L’opener “A Mirroring Sleep” è una brevissima introduzione strumentale che dura circa un minuto, con il solito compito di portarci verso la seconda traccia ovvero “Line |”. Quest’ultima ci avvia da subito in un viaggio onirico, accompagnati da una melodia di chitarra in pulito, successivamente coadiuvata da un tappeto ritmico sempre soft. Ed ecco che la melodia viene spazzata via, da un riffing tipicamente Black, che ricalca sempre lo stesso tema, seppur velocizzato e più “ pesante” ( passatemi il termine ). La voce lamentosa si aggiunge al tappeto sonoro, rendendo il brano più sognante del previsto. L’aggiunta delle tastiere verso la fine del brano è il tocco di classe che rende il pezzo decisamente ispirato. 

“Line | (Reprise)” appunto riprende il tema acustico del primo pezzo, ma suonato con un approccio più sporco e reso distorto da non so quali effetti come riverbero o delay, ma questo poco ci importa e passiamo al brano successivo, “Line ||”;  questo è un classico brano che ricalca lo stile marcio/grezzo e ambient del black tendente all’atmosferico (?), e di conseguenza non è poi così clamoroso rispetto ai brani precedenti seppur siano intesi quasi alla stessa maniera.
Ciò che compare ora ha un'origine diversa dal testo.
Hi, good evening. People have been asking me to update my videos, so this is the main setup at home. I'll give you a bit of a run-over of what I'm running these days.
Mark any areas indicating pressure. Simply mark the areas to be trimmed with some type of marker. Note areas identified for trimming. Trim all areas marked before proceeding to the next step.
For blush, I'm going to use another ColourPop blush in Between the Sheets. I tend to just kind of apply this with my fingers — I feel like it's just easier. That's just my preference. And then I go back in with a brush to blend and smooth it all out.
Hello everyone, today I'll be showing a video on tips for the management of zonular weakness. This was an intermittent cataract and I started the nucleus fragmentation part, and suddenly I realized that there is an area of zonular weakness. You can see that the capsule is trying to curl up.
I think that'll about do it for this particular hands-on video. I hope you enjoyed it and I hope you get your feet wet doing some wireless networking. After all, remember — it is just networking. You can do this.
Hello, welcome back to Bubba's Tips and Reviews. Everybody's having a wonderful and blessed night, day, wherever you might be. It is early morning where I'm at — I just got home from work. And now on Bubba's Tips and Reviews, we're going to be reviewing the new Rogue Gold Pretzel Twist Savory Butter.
Ma non per questo è da interpretare negativamente, perché dal quarto minuto c’è un cambio di atmosfera. Il nostro artista sfoggia la chitarra acustica e ci suona quelli che sembrano degli accordi dall’aria vagamente triste e cupa, ma ci salva dalla rottura di scatole. Punto a favore per le tre linee parallele, che ci piazza pure una sorta di bridge. Alla fine è un bel brano.
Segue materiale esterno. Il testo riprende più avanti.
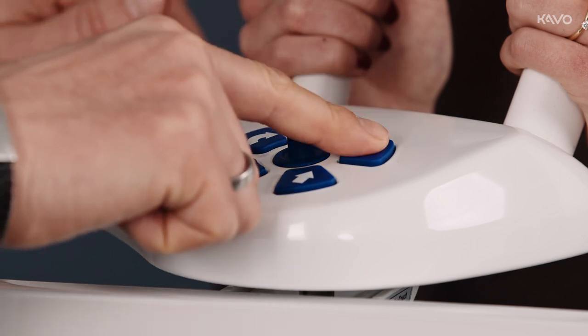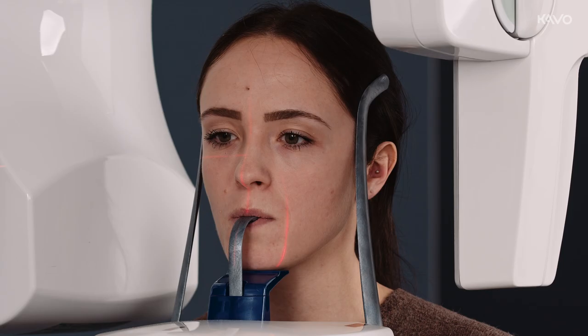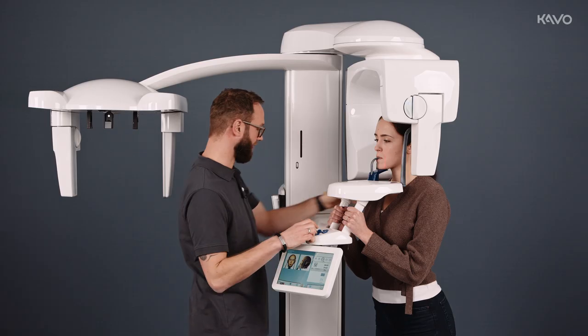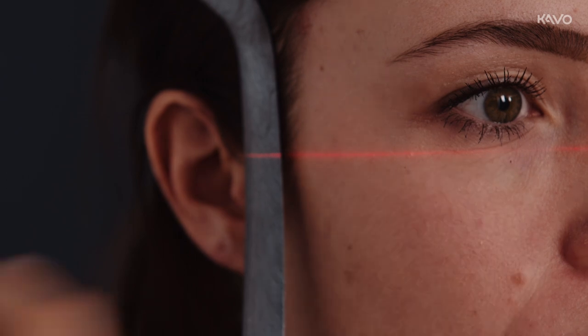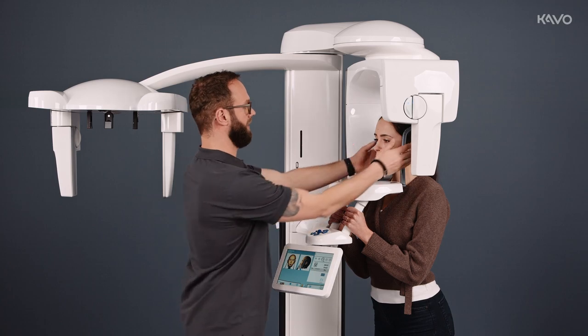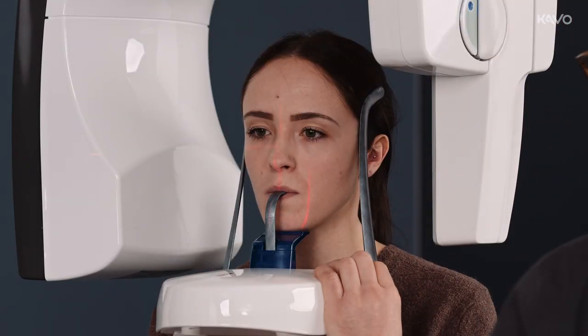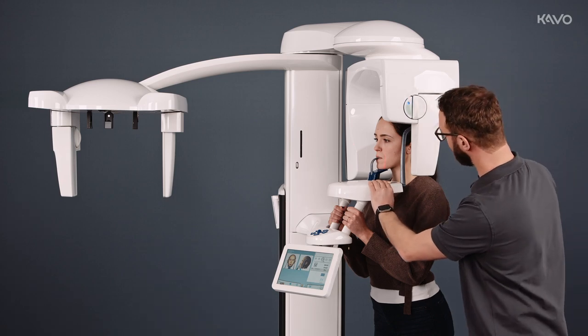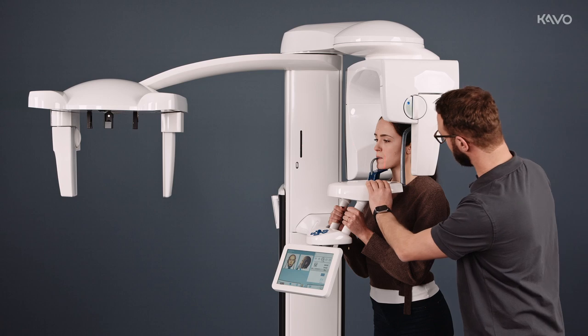These two arrow keys are not required for the ProExam 2D. We align the Frankfurt horizontal with a rotary knob here. Feel the underfloor of the orbital cavity. Align the mid-sagittal. And finally, the K9 laser, which should be between 2 and 3 on the upper jaw on the unit.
“Line || (Reprise)” a questo punto è la stessa cosa del reprise di prima, solo che si tratta del secondo capitolo… ma andiamo oltre.
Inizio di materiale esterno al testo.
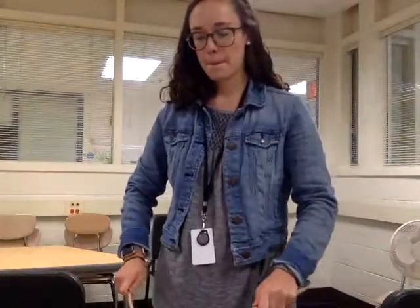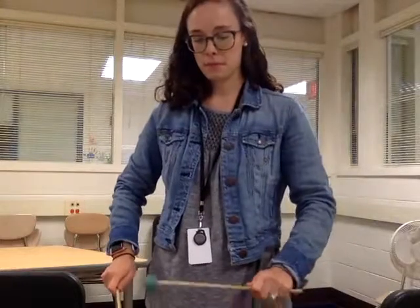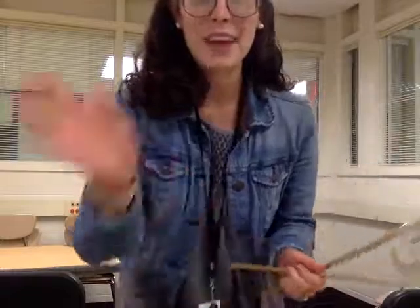And I'm going to play it again. Here we go. Alrighty guys, have an awesome week. Send me any questions that you have, and I'll see you next time.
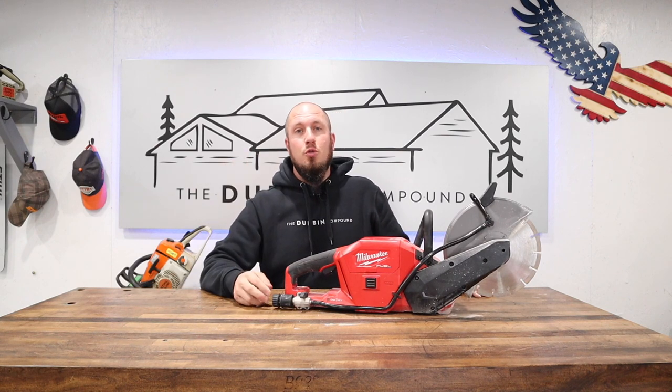If you're interested in tools, tips, and tricks to make you more self-sufficient, stay tuned to the channel and we'll see you guys on the next one.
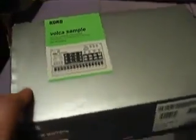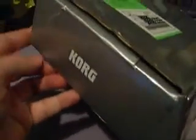This is the unboxing of my Volker sample. I've already unboxed it, but I thought I'd do a little review video. There's a number of review videos about this, but I thought I'd do one myself.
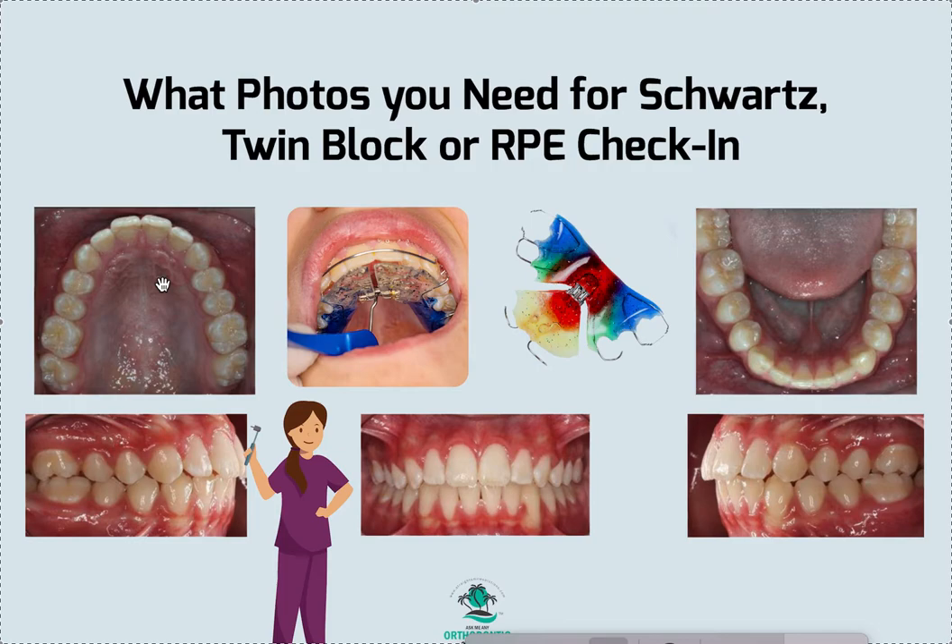I have videos specifically — if you want to know anything about any of these appliances, turn frequency, wear frequency, lab slips, how to deliver, how to turn — I literally have dozens, if not more, videos on every single thing that's out there. Just go into my YouTube channel, which is Straight Smile Solutions, put it in the search bar. Scroll down the playlist on the homepage and you'll see one just for Interceptive. Everything has its own video and I'm constantly adding to it.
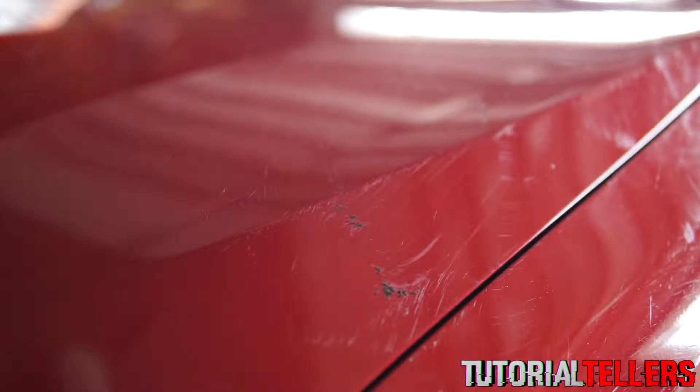What is up YouTube? Nick from Tutorial Tellers, and today I'll be showing you guys how to remove tar from your vehicle.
“A Sleeping Mirror” è il brano che chiude l’intensa opera dell’Artista. Qui siamo davanti ad un brano più Ambient che Black o cos’altro, infatti ci son solo tastiere in sottofondo per tutto il pezzo, probabilmente per rendere più cupa e triste la situazione.

Ammetto inoltre di non aver potuto esprimere al 100% le intenzioni dell’artista non conoscendo bene questo genere, però una cosa è certa. Se vi piace la roba Ambient, cupa o triste o semplicemente Black Metal, dateci un ascolto. Non sarà il top…ma dategli una possibilità.